Parlare di musica, discuterne con un interlocutore anche solo epistolare, oppure interrogarsi in modo assai più intimo sul senso che il linguaggio delle note riveste per ognuno non va considerato un semplice corollario all’ascolto né un optional finalizzato a aumentarne la fruibilità.

Può essere, invece, il segno tangibile e razionale del processo di coinvolgimento emotivo al quale chi ascolta, con vario grado di consapevolezza, si sottopone attraverso il consumo della musica, che esso passi attraverso il rito del concerto o lo studio finalizzato alla scrittura. Parlare di musica, allora, si può e si deve, specie oggi che la materia diventa, sulle pagine di molti giornali e nella percezione di massa, appannaggio unicamente della cronaca, con buona pace di chi vi si ostina a cercare spunti di riflessione critica.

Incursioni intellettuali

In questo senso, la recente pubblicazione del volume L’esperienza della musica, quarto titolo della collana «L’ospite ingrato» a cura del Centro Studi Franco Fortini, apre uno spiraglio nella prospettiva degli appassionati militanti, offrendo spunti di approfondimento stimolanti. Il libro si configura come una raccolta di scritti firmati da diciotto persone – musicisti, scrittori, storici, musicologi, filosofi – impegnate, in piena libertà e senza uno schema dato, a descrivere il proprio rapporto con la musica a partire da un tema o da un autore, non per forza un compositore.

La lettura del libro ribadisce – se mai ce ne fosse bisogno – quanto assidua sia stata e sia tuttora la capacità d’incursione nei territori non sempre comodi della musica da parte di intellettuali appartenenti a categorie anche molto diverse: vengono in mente per primi Rosenzweig (di cui è anche riportato un interessante approfondimento intorno al mercato discografico di quasi un secolo fa) e Fortini (citato ampiamente per il suo affettuoso e coltissimo scambio con il compositore Valentino Bucchi); ma pure Wittgenstein e Sanguineti, quest’ultimo ritratto nel saggio di Mila De Santis insieme a Luciano Berio.
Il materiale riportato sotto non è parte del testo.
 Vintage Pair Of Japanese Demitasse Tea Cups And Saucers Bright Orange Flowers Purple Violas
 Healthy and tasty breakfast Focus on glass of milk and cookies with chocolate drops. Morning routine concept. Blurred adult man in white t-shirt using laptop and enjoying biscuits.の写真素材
L’esperienza della musica offre piani di lettura articolati. Da un lato, c’è la possibilità di approfondire argomenti assolutamente specifici: Oreste Bossini, dunque, restituisce alla memoria la figura di Wladimir Vogel, indagando sulla diffidenza italiana nei confronti del linguaggio dodecafonico; Stefano Moscadelli, con un deciso stacco di genere, dedica le proprie attenzioni a una bella canzone di De André, Prinçesa; mentre l’indimenticato Vittorio Rieser si sofferma, con la consueta ironia, sul mistero mistico che circonda l’incompiuta Arte della Fuga di Bach.
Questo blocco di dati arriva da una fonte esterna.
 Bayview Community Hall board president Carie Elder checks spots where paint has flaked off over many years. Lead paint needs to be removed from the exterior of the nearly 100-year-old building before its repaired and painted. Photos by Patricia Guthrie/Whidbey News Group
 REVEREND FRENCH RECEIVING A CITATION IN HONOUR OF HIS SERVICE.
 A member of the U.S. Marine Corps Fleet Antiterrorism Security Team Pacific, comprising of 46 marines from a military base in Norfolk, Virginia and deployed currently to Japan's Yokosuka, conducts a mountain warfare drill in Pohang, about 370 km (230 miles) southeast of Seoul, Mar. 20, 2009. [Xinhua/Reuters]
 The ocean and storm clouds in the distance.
L’altra chiave di lettura del libro, però, rimanda a un angolo visuale più ampio, che rivela le relazioni del fenomeno musicale con il tessuto sociale di ieri e di oggi. Il legame è assodato, ma generalmente poco comunicato, considerazione che offre l’aggancio per introdurre un altro volume fondamentale, la Sociologia della musica di Max Weber (il professor Weber che giusto Rieser contrapponeva al signor Marx…) in una nuova edizione critica – la prima, in Italia – curata da Candida Felici per il Saggiatore.
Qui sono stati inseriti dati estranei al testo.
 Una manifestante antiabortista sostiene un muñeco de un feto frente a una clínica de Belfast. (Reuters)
La curatrice, musicista e musicologa, diversamente da quanto fece Enrico Fubini per la prima traduzione del 1961, ha scelto di suddividere la trattazione unica originale in capitoli e paragrafi, in questo modo agevolando la ricezione di un testo oggettivamente non sempre semplice.

Scritto da Weber a partire dal 1912 e lasciato incompiuto alla morte, nel 1920, questo trattato di Sociologia della musica (il titolo lo attribuì la vedova Marianne Weber) non va frainteso: non è una storia sociale del prodotto musicale, non almeno nel senso codificato da Hauser, in ambito artistico, e poi perseguito da tanti (come Raynor, per fare un solo esempio).

Oltre la tecnica

Interessanti sono i parallelismo tracciati da Weber tra lingua parlata, a diverse latitudini, ed espressione musicale, o il passaggio in cui descrive il percorso di razionalizzazione del linguaggio delle note, con la nascita di una professione sui generis, quella del musicista.

L’attenzione rivolta ai concetti di melodia e di armonia, alla misurazione degli intervalli di scrittura, al contrappunto e alla polifonia denotano una conoscenza tecnica ma non esauriscono nel tecnicismo la ragion d’essere della sostanza musicale che, al contrario, diventa sintomo, stimolo e immagine simbolica di un composito universo socio-culturale. Il che, in un’epoca come la nostra popolata di musicisti e di fruitori virtuali, suona strao rdinariamente interessante.